Manuel Cardoso: O seu primeiro sucesso, Quando o Sol se põe em Machu Pichu, é um livro sobre viajantes. O luís Novais é, também, um viajante. Quem viaja procura o quê? Ou afasta-se de algo?
Luís Novais: Quando viajamos tomamos contacto com a diferença mas também com a semelhança. Chegamos talvez à conclusão de que a humanidade no seu todo enfrenta as mesmas questões, o que nos aproxima, mas difere nas respostas, o que será talvez a origem dos conflitos, quer estes sejam nacionais, pessoais ou culturais.
Dou um exemplo. Com uma boa dose de ocidentalcententrismo costumamos dizer que desde os Gregos que não se escreveu nada de novo ou até, indo mais longe, que se salvarmos Homero salvamos toda a literatura posterior.
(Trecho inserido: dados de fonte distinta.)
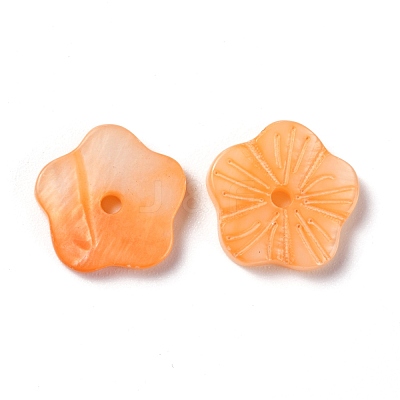 Natural Freshwater Shell Beads SHEL-C001-15B-1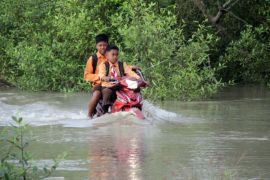 Banjir ROB Di Rokan Hilir Page 1 Small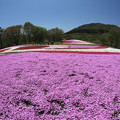 写真: 広大な芝桜
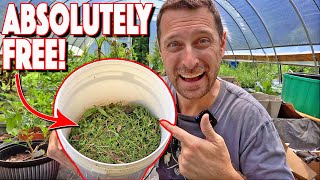 Free Fertilizer For Garden! How To Make It!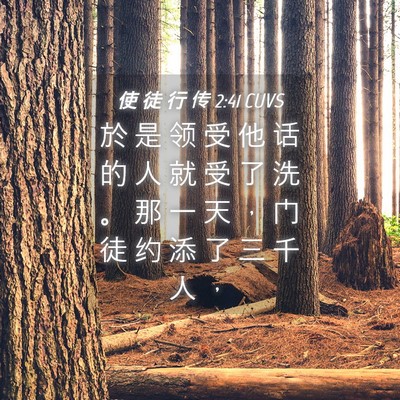 Picture 04 - 使 徒 行 传 2:41 CUVS - 於 是 领 受 他 话 的 人 就 受 了 洗 - Bible Verse Picture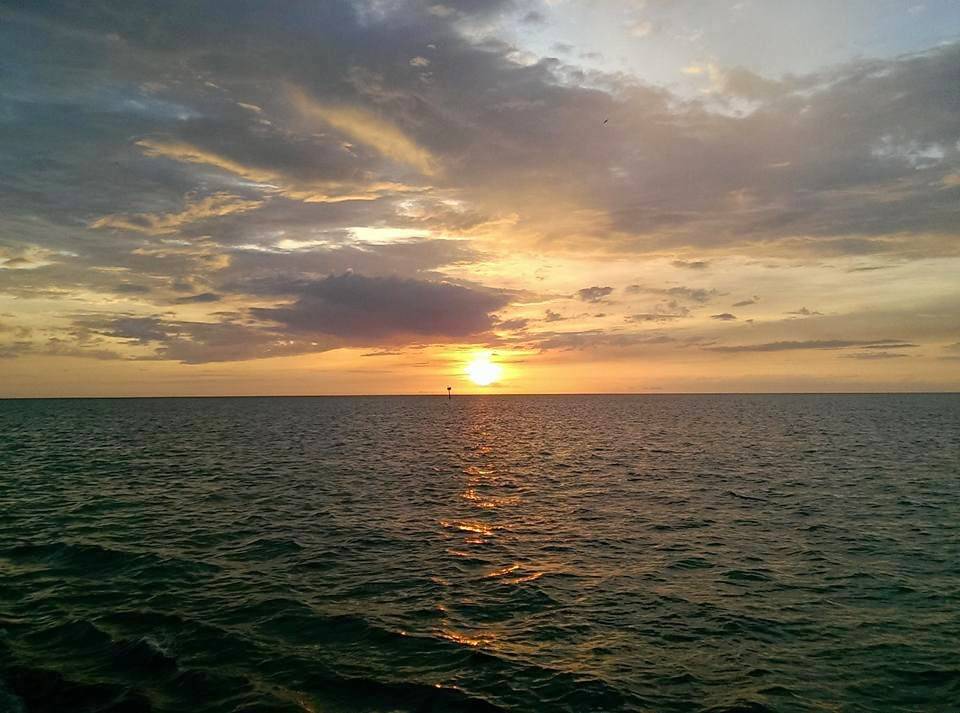 Marco Island Princess | restaurant | 951 Bald Eagle Dr, Marco Island, FL 34145, USA | 2396425415 OR +1 239-642-5415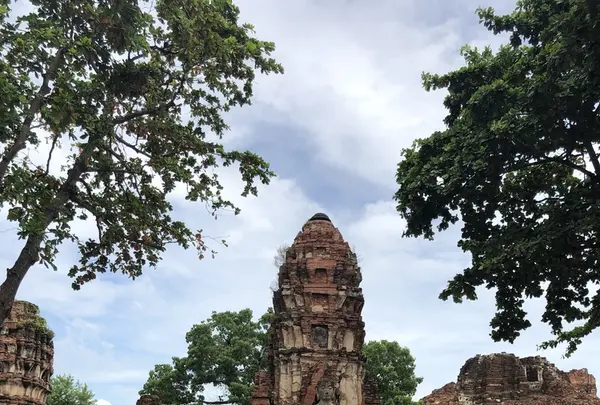 Wat Mahathat（ワット・マハタート）の写真・動画_image_212434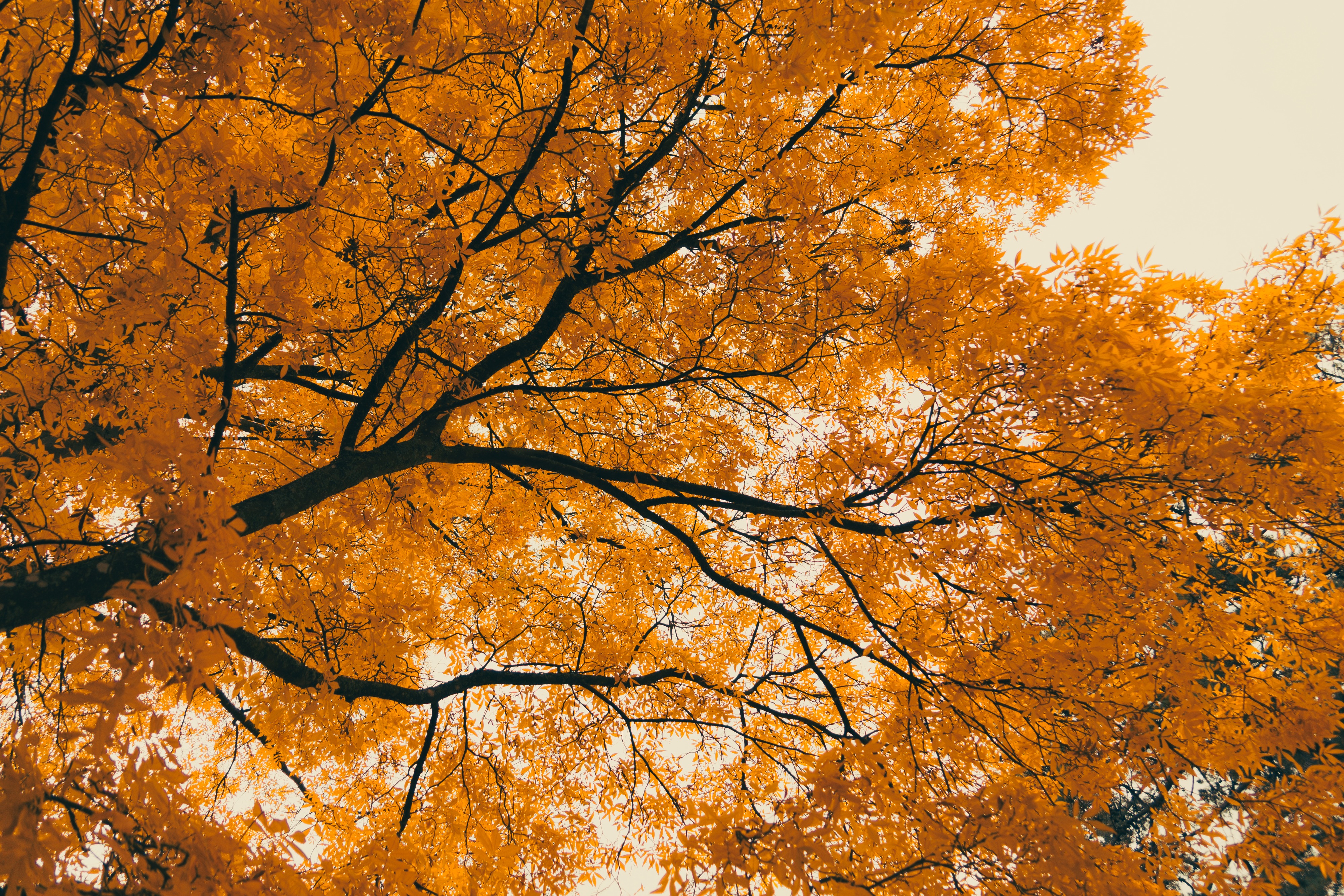 Fiery Crown of Autumn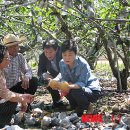 박상수농장 이미지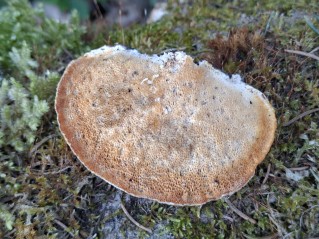 Trametes suaveolens
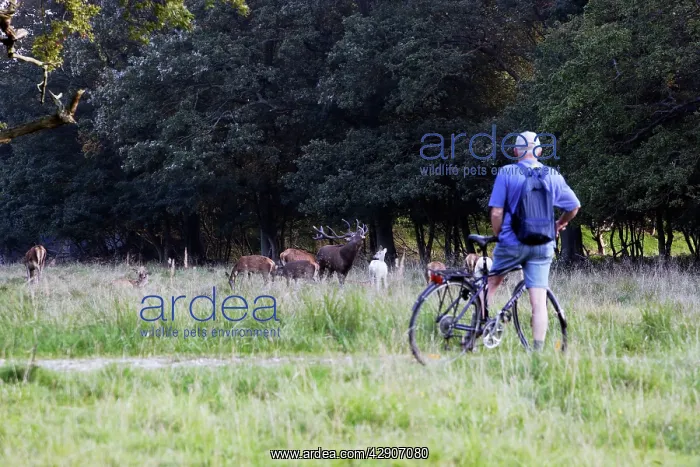  : Red Deer - male bellowing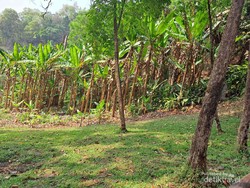 Menjelajah Doi Inthanon Park Thailand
Isto tem uma boa dose de verdade, afinal, na senda desse grande filósofo contemporâneo, Rollo May, eu diria que as questões mais humanas terão talvez apenas resposta mitológica, quer o mito se transvista ou não em romance, e os “mitos” homéricos buscam todas as respostas que ainda hoje buscamos.
Contudo, se ouvirmos um balobeiro (espécie de sacerdote animista) Papel ou Balanta na Guiné Bissau, falar dos seus mitos fundadores, das eternas lutas entre homens e semi-deuses, dos semi-deuses amigos e dos semi-deuses inimigos, diríamos que Ítaca é algures numa das ilhas do arquipélago Bijagós.
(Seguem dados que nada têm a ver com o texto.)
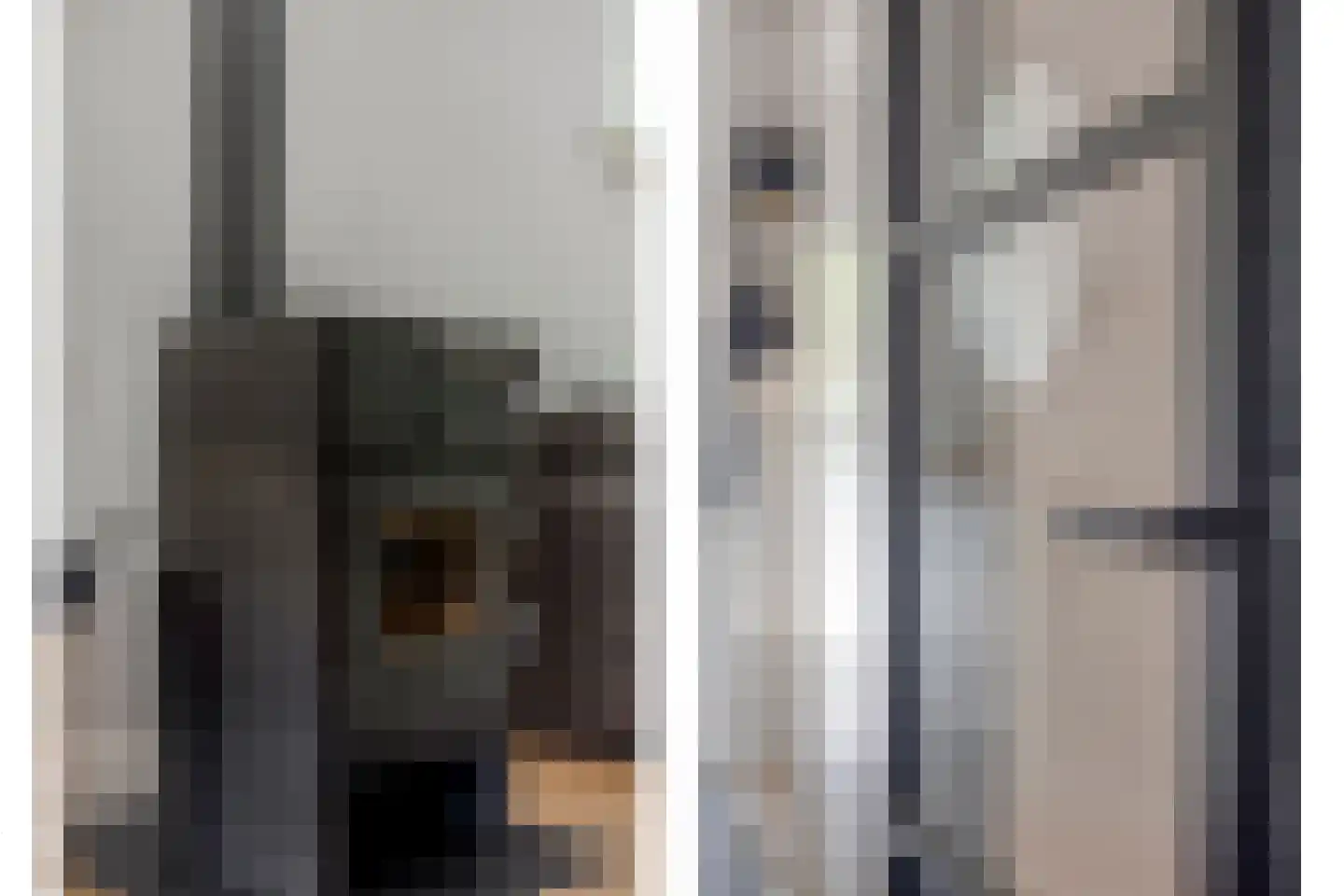 Irisstraat 22 Heteren thumbnail 17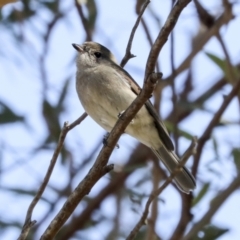 Pachycephala pectoralis (Golden Whistler) at Umbagong District Park - 25 Jun 2022 by AlisonMilton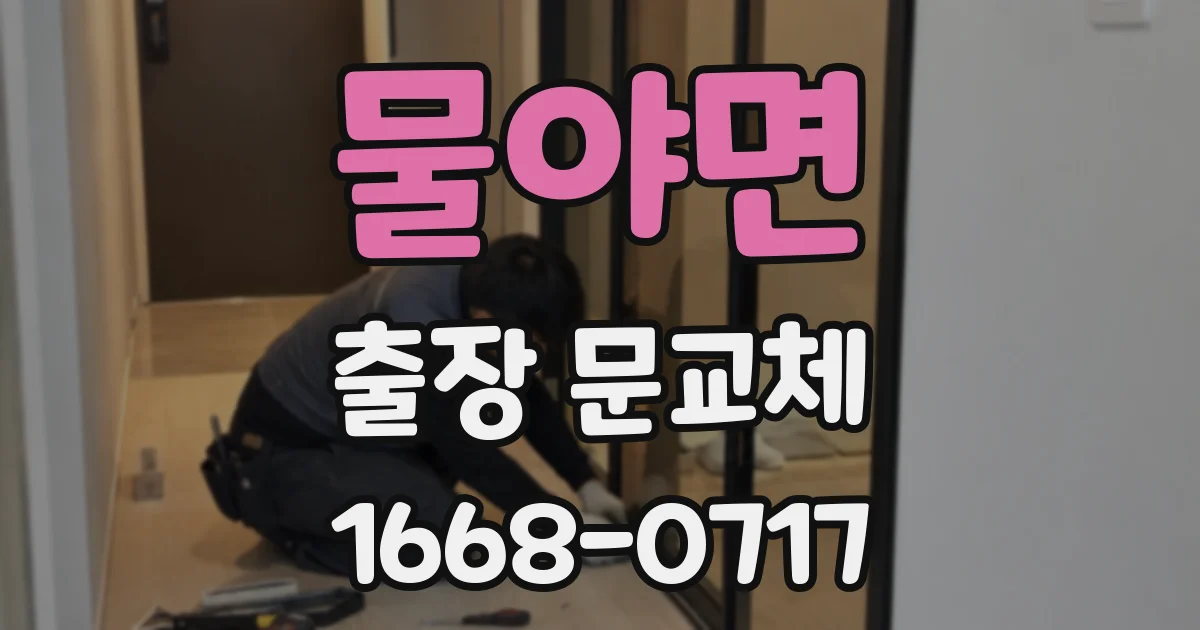 물야면 출장 문교체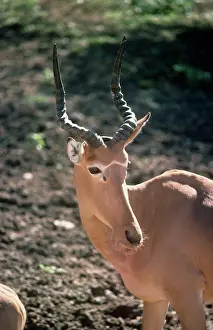 Hartebeest: Hirola / Hunter's Hartebeest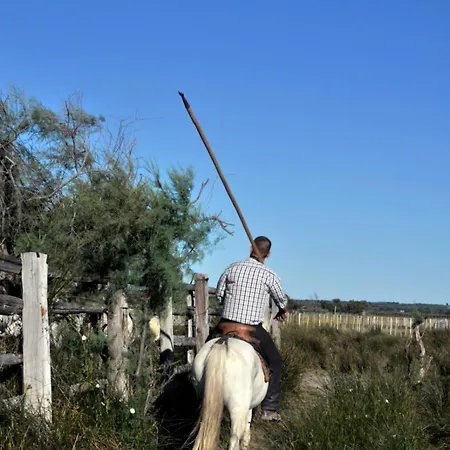 Le De La Lagune Proche De La Apartament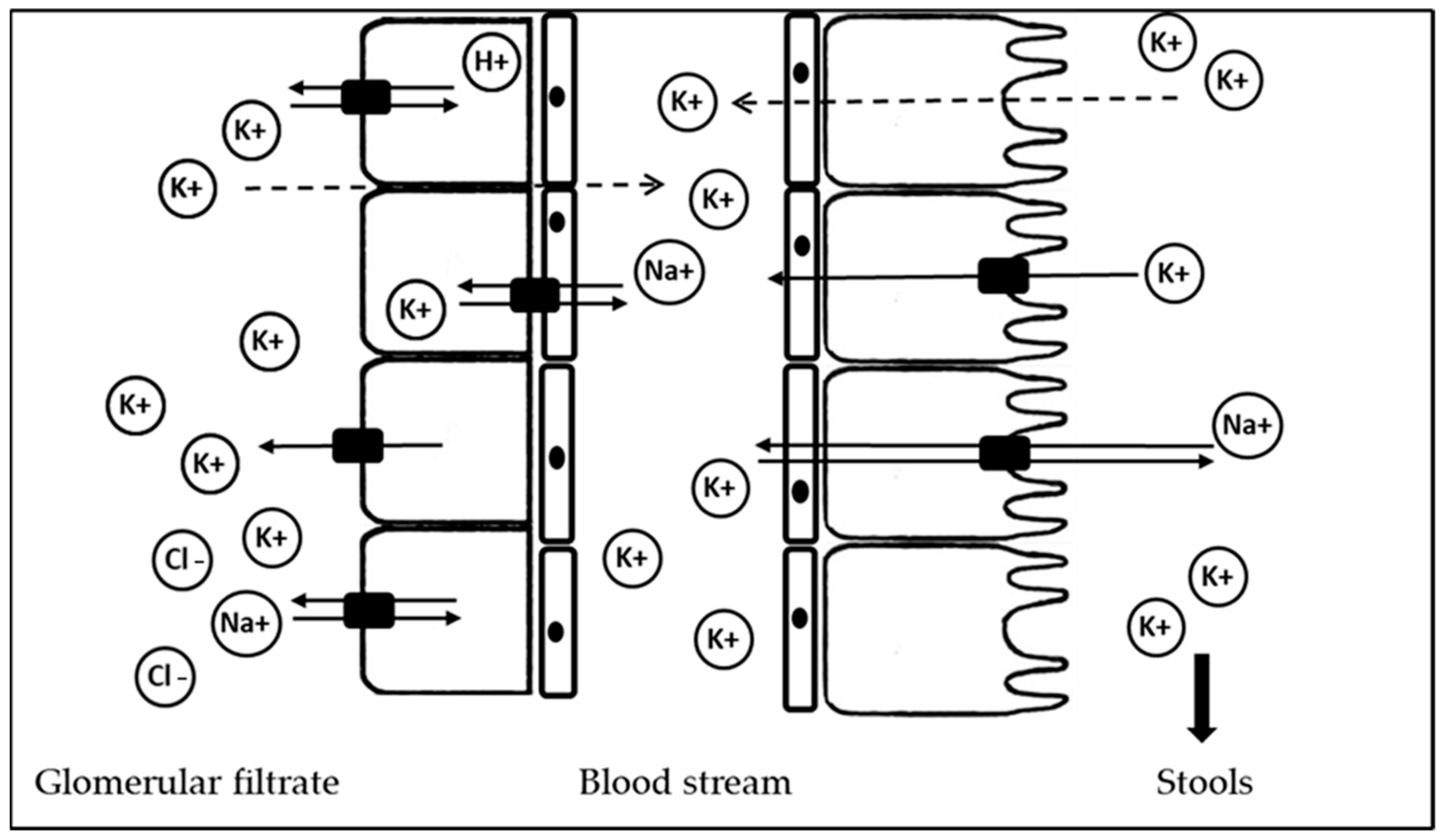 Nutrients 16 03016 g001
Dou apenas este exemplo mas, se quiséssemos entrar no domínio da antropologia comparada, teríamos às centenas, basta ler levy Strauss.
Ora, se culturas que nunca comunicaram entre si têm mitos que procuram responder às mesmas questões, isso só pode querer dizer que as questões humanas são comuns a todos os humanos. No fundo, nascemos à nossa medida num mundo que não o é e, como tão bem o demonstra Damásio, temos a característica única na natureza de sabermos que somos, de criarmos um personagem, ou mito, “eu”. Isto foi uma revolução na vida que, enquanto espécie, talvez não estejamos preparados para enfrentar e é também algo que nos ajuda a compreender a alegria e o drama de ser humano.
Viajar, contactar com a aparente diferença, ajuda-nos a perceber isto.
Mas também nos ajuda, por outro lado, a perceber que a centriptica mania da superioridade das ditas grandes civilizações não tem qualquer razão de ser, muito menos a do modelo capitalista que se espalha sôfrego pelos quatro cantos do planeta. Na amazónia peruana, por exemplo, assisti ao curioso despontar das chamadas “comunidades campesinas”, onde o autarquismo comunitário é o modelo. Casos idênticos, estes já baseados na tradição, podemos ver em África, em sociedades tribais onde a busca de equilíbrio supera a quimérica procura duma verdade transcendente e, por isso, sempre e sempre inalcançável, sociedades onde essa mesma preocupação com o equilíbrio suplanta a acumulação individual.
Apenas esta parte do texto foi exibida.